Do we frustrate our retention efforts with our inability to accurately perceive situations with our servicemembers when we don’t understand what’s going on in our Soldiers lives? Are life events requiring additional attention and impacting their ability to adequately balance work duties with personal responsibility at home? True readiness of the force begins at home. The example we set as leaders informs our Soldiers’ ability to take care of their greatest legacy – their family. In order to continue the progress towards being a people first organization, we need to set our own perceptions and personal bias aside and ask the tough questions to understand reality.
So how do we fix it? A few ways are through self-reflection, empathy, humility and believing the best.
1. Self-reflect. Changing our perceptions requires us, first and foremost to take responsibility of our unconscious reactions. Only then can we begin to see people, events, things, and ourselves from a more neutral perspective. Leaders are seen as humble when they are aware of their limitations and abilities and apply that understanding in their leadership.
ADP 6-22, Army Leadership and the Profession states “A leader with the right level of humility is a willing learner, maintains accurate self-awareness, and seeks out others’ input and feedback. Our perception can only be reality if we support or refute our assumption by taking the time to understand the character, reactions, and motives of our Soldiers.
2. People first begins with empathy. Merriam-Webster defines empathy as the action of understanding, being aware of, being sensitive to, and vicariously experiencing the feelings, thoughts, and experience of another -of either the past or present – without having the feelings, thoughts, and experience fully communicated in an objectively explicit manner. True empathy directly contradicts “perception is reality” and demands our attention. We can no longer provide lip service to those we serve without objectively empathizing with the reality of their individual situations separate from our own pre-conceived bias.
3. Humility mandates perception is not reality. ADP 6-22, defines the character attribute of humility in its simplest form as the absence of arrogance. Arrogance is defined as an attitude of superiority manifested in an overbearing manner or in presumptuous claims or assumptions. A phrase like “perception is reality’ is a presumptuous claim and a dangerous assumption. As such, having the humility to learn something new about ourselves and others – regardless of rank or position – is an essential attribute for leaders to embody. Humility is largely determined by other people and is a subjective perception of the leader. Knowing that, we can reasonably conclude the phrase “perception is reality” is either a manifestation of arrogance or a lack of humility.
4. Believe the best.

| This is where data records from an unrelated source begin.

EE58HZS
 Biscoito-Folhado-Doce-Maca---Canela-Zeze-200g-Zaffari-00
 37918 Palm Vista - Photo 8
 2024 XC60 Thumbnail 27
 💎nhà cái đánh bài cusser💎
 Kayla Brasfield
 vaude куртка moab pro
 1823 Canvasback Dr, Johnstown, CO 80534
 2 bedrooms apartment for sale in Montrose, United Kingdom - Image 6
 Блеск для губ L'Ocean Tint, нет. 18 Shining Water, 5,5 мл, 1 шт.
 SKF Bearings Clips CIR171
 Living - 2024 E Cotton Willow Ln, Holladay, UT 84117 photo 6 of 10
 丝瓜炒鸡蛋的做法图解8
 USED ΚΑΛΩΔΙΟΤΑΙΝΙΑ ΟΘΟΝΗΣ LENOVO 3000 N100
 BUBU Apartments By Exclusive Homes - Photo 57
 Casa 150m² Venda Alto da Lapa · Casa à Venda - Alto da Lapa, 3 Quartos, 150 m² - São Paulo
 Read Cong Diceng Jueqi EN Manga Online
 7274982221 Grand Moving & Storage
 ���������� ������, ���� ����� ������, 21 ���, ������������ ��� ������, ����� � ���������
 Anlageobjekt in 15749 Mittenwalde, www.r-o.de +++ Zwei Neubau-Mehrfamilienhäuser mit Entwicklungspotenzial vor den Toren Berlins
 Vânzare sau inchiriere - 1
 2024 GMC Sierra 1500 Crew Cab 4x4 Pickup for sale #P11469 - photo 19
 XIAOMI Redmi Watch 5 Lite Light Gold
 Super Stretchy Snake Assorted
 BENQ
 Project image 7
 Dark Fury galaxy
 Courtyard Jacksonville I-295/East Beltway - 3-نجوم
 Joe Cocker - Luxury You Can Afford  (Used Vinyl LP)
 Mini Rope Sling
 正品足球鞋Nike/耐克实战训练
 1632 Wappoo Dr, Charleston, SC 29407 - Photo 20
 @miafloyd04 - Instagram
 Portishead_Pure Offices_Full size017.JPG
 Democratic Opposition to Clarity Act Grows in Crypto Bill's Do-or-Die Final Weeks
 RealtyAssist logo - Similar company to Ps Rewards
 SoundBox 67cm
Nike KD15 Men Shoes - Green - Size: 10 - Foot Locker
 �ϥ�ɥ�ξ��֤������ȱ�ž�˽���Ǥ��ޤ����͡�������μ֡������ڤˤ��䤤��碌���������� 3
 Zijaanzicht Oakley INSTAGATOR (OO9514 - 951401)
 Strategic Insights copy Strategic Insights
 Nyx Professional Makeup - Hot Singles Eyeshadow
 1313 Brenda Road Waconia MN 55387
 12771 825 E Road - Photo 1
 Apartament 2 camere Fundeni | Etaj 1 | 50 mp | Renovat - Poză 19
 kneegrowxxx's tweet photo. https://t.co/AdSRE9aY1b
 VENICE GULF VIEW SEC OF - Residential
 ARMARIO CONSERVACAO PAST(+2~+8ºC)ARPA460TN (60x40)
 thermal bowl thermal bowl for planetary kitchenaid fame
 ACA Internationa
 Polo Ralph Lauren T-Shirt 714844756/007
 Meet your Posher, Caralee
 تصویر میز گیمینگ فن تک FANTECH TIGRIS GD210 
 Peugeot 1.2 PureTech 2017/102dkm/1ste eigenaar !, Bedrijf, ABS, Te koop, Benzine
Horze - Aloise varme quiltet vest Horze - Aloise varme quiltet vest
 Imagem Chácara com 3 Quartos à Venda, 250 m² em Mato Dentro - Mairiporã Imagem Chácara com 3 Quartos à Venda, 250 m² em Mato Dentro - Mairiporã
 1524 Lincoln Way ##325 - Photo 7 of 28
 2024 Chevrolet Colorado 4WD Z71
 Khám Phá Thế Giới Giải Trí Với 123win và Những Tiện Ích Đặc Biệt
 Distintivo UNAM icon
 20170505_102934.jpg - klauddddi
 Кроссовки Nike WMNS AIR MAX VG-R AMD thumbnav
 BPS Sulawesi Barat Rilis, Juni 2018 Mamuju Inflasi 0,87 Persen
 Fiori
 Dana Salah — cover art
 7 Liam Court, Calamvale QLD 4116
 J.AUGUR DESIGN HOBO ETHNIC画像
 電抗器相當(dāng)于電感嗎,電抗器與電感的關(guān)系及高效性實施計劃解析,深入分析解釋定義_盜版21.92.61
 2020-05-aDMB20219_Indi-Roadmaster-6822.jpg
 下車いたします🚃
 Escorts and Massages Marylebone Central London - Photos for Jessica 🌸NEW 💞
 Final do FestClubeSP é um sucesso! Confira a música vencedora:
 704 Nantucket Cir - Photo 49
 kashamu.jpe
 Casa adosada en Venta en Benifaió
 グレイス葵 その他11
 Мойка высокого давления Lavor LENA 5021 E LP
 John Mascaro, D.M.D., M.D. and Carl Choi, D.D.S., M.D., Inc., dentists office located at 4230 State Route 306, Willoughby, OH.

My wife and I agreed early on in our marriage that we would always work to believe the best of each other. Eight years into our marriage with four kids ages six and under, believing the best has never been more critical and helpful when navigating the occasional “intense fellowship.” When that occurs, we are able to quickly disarm each other and dissolve the disagreement by simply asking, “Are we believing the best?”
Businessman Henry Gruland says, “Being a leader is more than just wanting to lead. Leaders have empathy for others and a keen ability to find the best in people, not the worst, by truly caring for others.”
In the military, we’re so accustomed to perceiving things a certain way that sometimes it’s difficult to see our own blind spots and where we are not viewing situations in the most favorable light. Believing the best and asking additional questions may guard against poor interactions and dissolve otherwise frustrating situations.
If we take time to empathize with our subordinates, then we are able to more effectively assess our interactions based on each Soldier’s individual situation rather than our own pre-conceived bias. Dr. Humphreys says, “change of any kind requires willingness. Having a desire to see things differently and the humility to admit we do not have it all figured out is a vital component to improving our own leadership…The desire,” Dr. Gilliland adds, “creates room for us to learn and create new perceptions.”
Perception is not always reality, but it is our reality. Changing perceptions begins with us. Let’s collectively agree to set aside our pre-conceived biases, create new perceptions, and remove “perception is reality” from our lexicon once and for all.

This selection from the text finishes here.